Hundreds protest in Sudan at opposition leader Mahdi’s arrest

Beloved Imam Alsadig Almahdi President of the National Umma Party and Imam of Ansar Allah and the legitimate democratically elected Prime Minister of the Sudan

 

 

 

Khartoum

Friday, 30 May 2014

 

About 600 Sudanese protesters chanted and waved banners and flags after Friday prayers in the capital Khartoum, demanding the release of opposition leader Sadiq al-Mahdi who was arrested two weeks ago.

Mahdi, head of the opposition Umma Party, was detained after the public prosecutor opened an investigation into charges he insulted state security forces over a surge in violence in the western Darfur region.

Mahdi served as prime minister in Sudan’s last elected civilian government before he was overthrown by current President Omar Hassan al-Bashir in 1989.

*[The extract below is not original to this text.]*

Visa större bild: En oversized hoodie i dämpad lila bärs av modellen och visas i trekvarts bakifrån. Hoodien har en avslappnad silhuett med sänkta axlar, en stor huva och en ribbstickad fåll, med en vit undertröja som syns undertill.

Security forces, including dozens of riot police holding plastic shields, surrounded the demonstrators as they gathered at the Imam Abdel Rahman mosque in the Omdurman district of Khartoum to protest the detention.

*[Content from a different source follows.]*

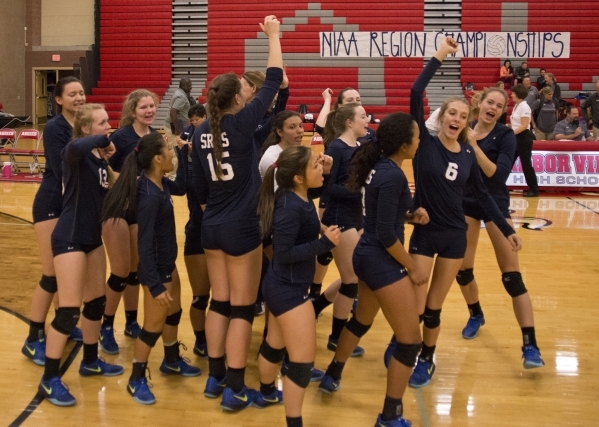 Shadow Ridge High School celebrates after winning the Sunset Region girls volleyball semifin ...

“No dialogue with the villains,” the protesters chanted. “Sadiq is the voice of the people.”

Demonstrators raised Umma Party flags and signs with “Revolution, revolution until victory” and “Release the Imam Sadiq al-Mahdi” written on them.

The two sides did not clash, unlike demonstrations in 2012 and 2013 against Bashir’s rule which led to violent confrontations with police.

During his quarter-century in power, Bashir has weathered protests, armed insurgencies, U.S. trade sanctions, the secession of oil-producing South Sudan and an arrest warrant from the International Criminal Court on charges of masterminding genocide and other war crimes in Darfur.

In response to Mahdi’s arrest, the Umma Party cancelled national dialogue talks called by the president that were meant to ease tension among political parties ahead of parliamentary and presidential elections due next year.

It also called on its supporters to protest the detention, and some of Friday’s demonstrators vowed to press ahead. “We will not stop until they release the hope of Sudan, Sadiq al-Mahdi,” said Ahmed Awad, 42.

A decision to cut fuel subsidies in September led to riots in which dozens of people were killed and hundreds arrested.